If you ask the average programmer they will say that debugging is the process of removing errors (bugs) from a piece of code. This is a correct definition but not a useful one for the programmer. This definition doesn’t tell you anything about how to debug, just what the end goal is. I propose a different definition: debugging is the process of increasing your understanding of a piece of code.

When we have bugs in our code it’s because our understanding of what the code does and what it actually does differ. Debugging requires us to address this mismatch. There are obvious first steps to expand our knowledge such as reading documentation but this is not always available. The most reliable method of understanding code and one that is always available is experimentation.

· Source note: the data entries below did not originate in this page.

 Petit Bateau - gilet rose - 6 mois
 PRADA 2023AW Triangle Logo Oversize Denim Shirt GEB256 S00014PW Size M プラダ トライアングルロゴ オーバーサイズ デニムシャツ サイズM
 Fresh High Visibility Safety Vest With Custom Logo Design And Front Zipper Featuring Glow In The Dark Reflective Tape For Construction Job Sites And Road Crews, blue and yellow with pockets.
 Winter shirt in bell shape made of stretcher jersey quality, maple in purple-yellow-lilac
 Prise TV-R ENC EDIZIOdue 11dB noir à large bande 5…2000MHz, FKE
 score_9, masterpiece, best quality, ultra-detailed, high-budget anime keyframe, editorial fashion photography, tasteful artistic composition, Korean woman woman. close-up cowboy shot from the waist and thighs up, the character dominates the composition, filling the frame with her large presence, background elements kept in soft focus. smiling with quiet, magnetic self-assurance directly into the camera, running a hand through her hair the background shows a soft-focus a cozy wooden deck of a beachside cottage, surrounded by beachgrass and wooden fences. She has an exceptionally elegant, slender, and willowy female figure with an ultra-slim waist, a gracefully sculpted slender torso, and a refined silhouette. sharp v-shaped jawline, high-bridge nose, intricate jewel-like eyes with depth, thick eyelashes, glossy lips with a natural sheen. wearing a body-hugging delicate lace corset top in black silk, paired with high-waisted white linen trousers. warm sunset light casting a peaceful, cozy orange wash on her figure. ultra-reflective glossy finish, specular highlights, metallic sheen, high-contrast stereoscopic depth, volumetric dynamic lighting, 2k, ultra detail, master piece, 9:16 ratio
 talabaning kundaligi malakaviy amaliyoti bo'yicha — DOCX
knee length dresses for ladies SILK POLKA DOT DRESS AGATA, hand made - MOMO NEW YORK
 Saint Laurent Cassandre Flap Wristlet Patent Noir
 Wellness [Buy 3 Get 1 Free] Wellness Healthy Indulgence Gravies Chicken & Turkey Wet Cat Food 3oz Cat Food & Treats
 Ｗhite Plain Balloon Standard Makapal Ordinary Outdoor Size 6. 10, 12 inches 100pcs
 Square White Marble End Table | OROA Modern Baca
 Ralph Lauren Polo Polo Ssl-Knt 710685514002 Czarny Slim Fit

Despite compulsory science education very few people understand the scientific method and how to apply it in everyday life, this includes many programmers I meet. The number one trap I see people fall into is caused by confirmation bias. As humans, our tendency is to seek out results that confirm our existing beliefs about code but this makes for a poor experiment. In order to experiment and to debug we must systematically challenge our beliefs about the code; make changes that should not matter and see if they actually do.

This is my practical debugging advice to anybody who stuggles with it: systematically go through your code and challenge your ideas of what it does. Make changes that you don’t think would fix the problem because your understanding is flawed. If the bugs were you’re naturally inclined to look, you probably wouldn’t have bugs to begin with!